Module name (EN): Advanced Measurement and Instrumentation Engineering
Degree programme: Electrical Engineering, Master, ASPO 01.10.2005
Module code: E802
Hours per semester week / Teaching method: 4V (4 hours per week)
ECTS credits: 5
Semester: 8
Mandatory course: yes
Language of instruction:
German
Assessment:
Written exam

[updated 12.03.2010]
Applicability / Curricular relevance:
E802 Electrical Engineering, Master, ASPO 01.10.2005, semester 8, mandatory course
Workload:
60 class hours (= 45 clock hours) over a 15-week period.
The total student study time is 150 hours (equivalent to 5 ECTS credits).
There are therefore 105 hours available for class preparation and follow-up work and exam preparation.
Recommended prerequisites (modules):
None.
Recommended as prerequisite for:
Module coordinator:
Prof. Dr.
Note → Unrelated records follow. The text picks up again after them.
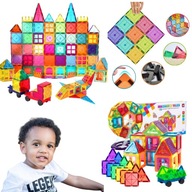 DUŻE KLOCKI MAGNETYCZNE KONSTRUKCYJNE KAFELKI 70 EL RAINBOW MAGNETIC TILES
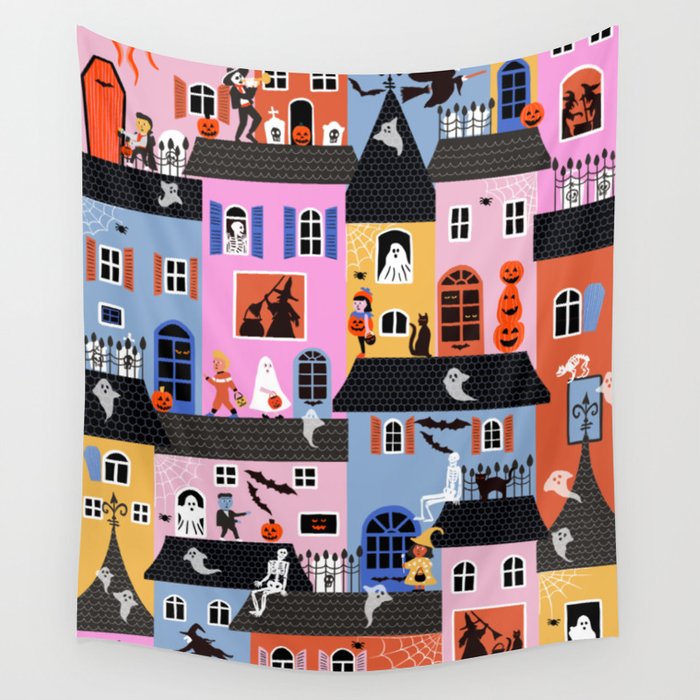 Halloween Houses Wall Tapestry Gallery Image 4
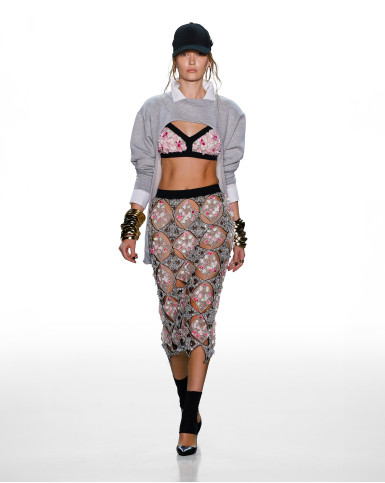 Sheer, cut-out bralette and skirt with arm warmer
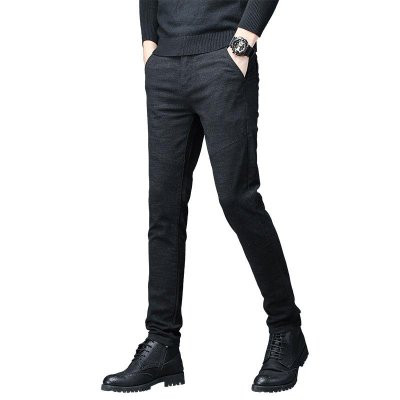 2020 Spring Men Casual Pants Stretch Straight Mens Trousers Slim Fit Zipper Mens Fashion Autumn Pants Broeken Mannen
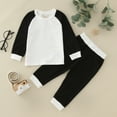 thumbnail image 2 of NIEWTR Toddler Baby Girl Outfits Long Sleeve Contrast Color Sweatshirt Contrast Color Pants or Skirt Autumn Winter Clothes Set, 2 of 4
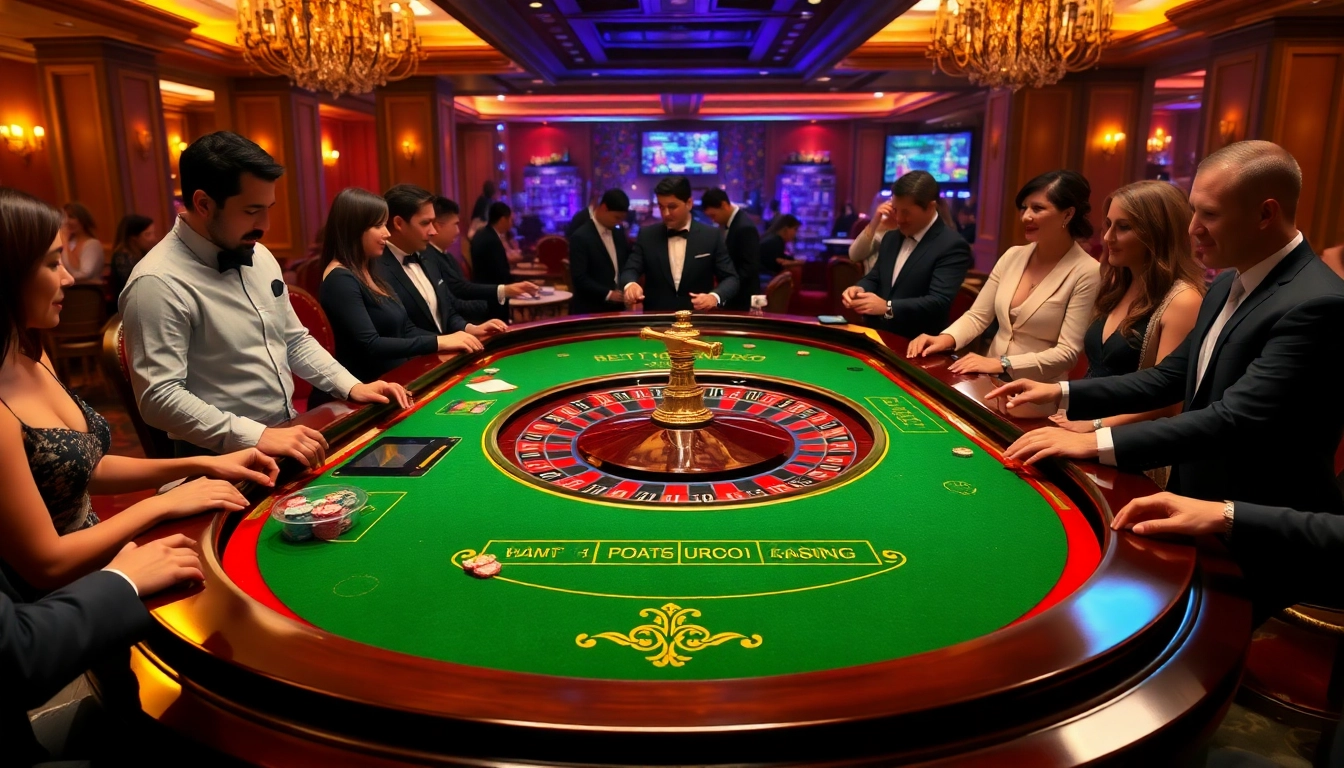 Players engaging in an exciting roulette game at https://debet13.com/, showcasing luxury and thrill in casino gambling.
Alexander Neidenoff
Lecturer:
Prof. Dr. Alexander Neidenoff


[updated 12.03.2010]
Learning outcomes:
After completing this course students will have acquired:
- the theoretical fundamentals of metrology, measurement statistics, stochastic processes and error propagation;
- the theoretical knowledge necessary to analyse rival measurement methods and instruments and to create and implement new measurement ideas and techniques;
- specialist knowledge, expertise and practical skills in effective and spectral measurement technologies using both absolute and ‘level’ units. The course focuses on the analytical, computational and practical approaches to handling faulty measured quantities, and inner, outer, passive, active and parasitic disturbances. All measurement and computational procedures must be carried out analytically to any required level of precision or must be estimated and checked by calculation to a degree of precision acceptable for the specified practical application.

[updated 12.03.2010]
Module content:
Part 1 – Metrology, measurement error and error propagation
 1.1. Physical measurability
 1.2. Electrophysical fundamentals
 1.3. Types of measuring signals
 1.4. Stochastic processes in measurement
 1.5. Measurement error and error propagation
 1.6. Systems of units: the principles
 1.7. The influence of the measurement act on the electrical network
 
Part 2 – Fundamental aspects of deterministic and stochastic measurement variables
 2.1. Fundamental aspects of the time and frequency domains
 2.2. Noise transformation
 2.3. The original noise level in a signal
 2.4. Noise equivalence
 2.5. System noise and signal-to-noise ratios
 2.6. Interference relativity
 2.7. Deterioration factor and noise factor
 2.8. Faulty measurement chains and how to analyse them
 2.9. The Achilles’ heel of measurement methods
 
Part 3 – ‘Level calculus’
 3.1.Fundamentals of ‘level calculus’ in decibels
 3.2.Interference-free transmission on signal transmission paths and the  
     problem of interference and noise
 3.3.The “turbo operator” @
 3.4.Level analysis
 3.5.Theoretical relationships between the turbo operator @, the degree of  
     relativity and         snr
 3.6.Practical applications of the turbo operator @, the degree of relativity  
     and snr
 3.7.Relationships to and contrasts with conventional variables
 3.8.Design of signal transmission paths
 3.9.Rapid evaluation of noise measurements using the new variables


[updated 12.03.2010]
Teaching methods/Media:
Lecture notes, overhead transparencies, video projector, video player, experimental demonstrations


[updated 12.03.2010]
Recommended or required reading:
Two-part lecture notes covering the handling of signals, noise and external interference

[updated 12.03.2010]
[Sun Jul  3 00:47:30 CEST 2022, CKEY=eemdm, BKEY=em, CID=E802, LANGUAGE=en, DATE=03.07.2022]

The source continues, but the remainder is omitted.